Competitive Sustainability Summit 2026: Sustainability, from theory to practice
Competitive Sustainability Summit 2026, organized today by News.ro, brought together authorities, companies, ESG specialists and practitioners who live sustainability in their day‑to‑day reality.
If in recent years discussions about ESG have oscillated between enthusiasm and skepticism, today’s summit showed something far more important: Romania is no longer in the stage of “let’s talk about sustainability,” but in the stage of “let’s make it work.”
1. Sustainability does not compete with security — it strengthens it
One of the most valuable insights of the day came from the government side: the geopolitical context does not slow down sustainability — it accelerates it. Rising energy prices, regional volatility and pressure on resources have turned energy efficiency into an economic necessity.
“A lot of energy means a lot of emissions, but also a lot of costs.”

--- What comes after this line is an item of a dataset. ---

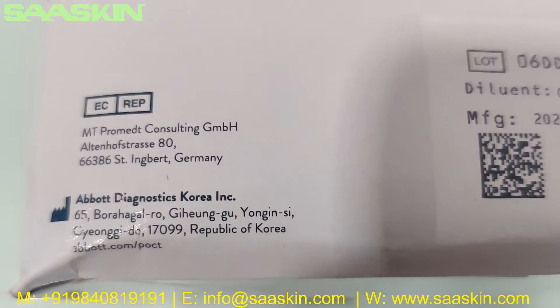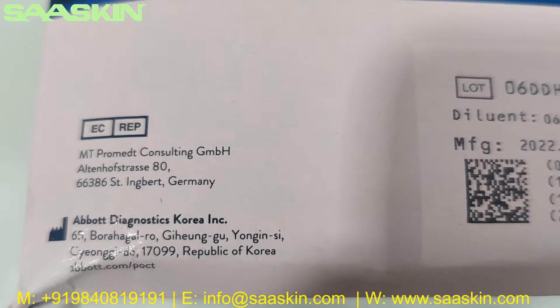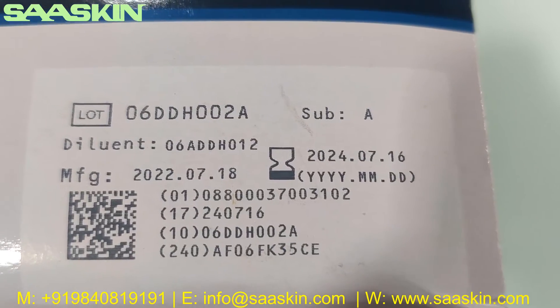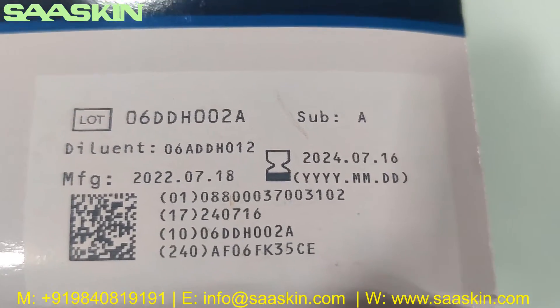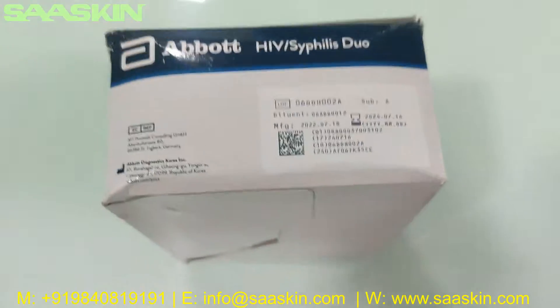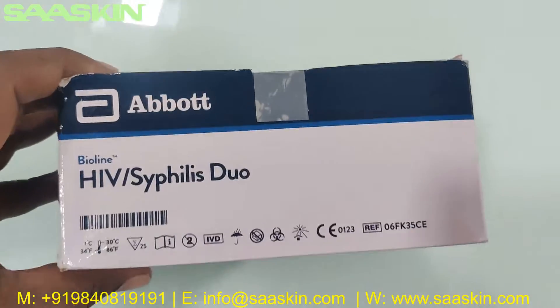The other side shows the manufacturing location from Korea — Abbott Bioline Korea. You can see the standard markings, and the kit has a 2-year expiry period. You also get the lot number on this front box.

This simple but essential idea shows why sustainability is no longer a separate chapter, but part of the financial strategy of every organization.
2. Romania has strategies. What it lacks is execution
Diana Buzoianu put it bluntly:
“Romania’s problem is not legislation. The problem is implementation.”
Panel 2 confirmed the same reality, but from the perspective of companies:
- standards exist,
- European obligations exist,
- funding exists,
- best practices exist,
- and even collaboration between the state and the private sector exists.
What is missing? Continuity, coordination and accountability.
This is the key lesson of the summit: sustainability is not done in PDFs — it is done in processes.
3. ESG reporting — difficult, but transformative
ESG reporting is challenging, resource‑intensive and often meets internal resistance.
But it is also the most powerful transformation tool.
“A sustainability report is like a full radiography of the company.”
ESG reporting:
- forces companies to understand their impact,
- reveals vulnerabilities,
- creates transparency,
- generates accountability,
- and, most importantly, creates a common language across departments.
For the Romanian market, this is a major shift: ESG reporting is becoming management infrastructure, not a bureaucratic exercise.
4. Organizational culture — where sustainability begins (or dies)
A message repeated throughout the summit: sustainability does not work if it remains only in the ESG department.
It requires:
- leadership,
- continuous education,
- employee engagement,
- integration into daily processes.
You cannot build sustainability without first building people prepared for sustainability.
5. Why companies adopt CSRD even without a legal obligation
A valuable insight: many companies in Romania are already reporting according to CSRD, even though they are not yet required to.
Why?
- better access to financing,
- pressure from clients,
- investor requirements,
- risk reduction,
- competitive advantage.
This shows the market’s maturation: companies no longer pursue sustainability because they “must,” but because it works.
6. The conclusion of the 2026 Summit: sustainability moves forward, regardless of context
Despite crises, war, costs and internal resistance, one thing is clear: sustainability does not stop. It evolves. It matures. It becomes operational.
Competitive Sustainability Summit 2026, organized by News.ro, demonstrated exactly this:
– not just declarations, but results,
– not just strategies, but implementation,
– not just ambitions, but measurement,
– not just promises, but real collaboration.
For Romania’s ESG ecosystem, the Competitive Sustainability Summit was more than a conference — it was an exercise in collective learning.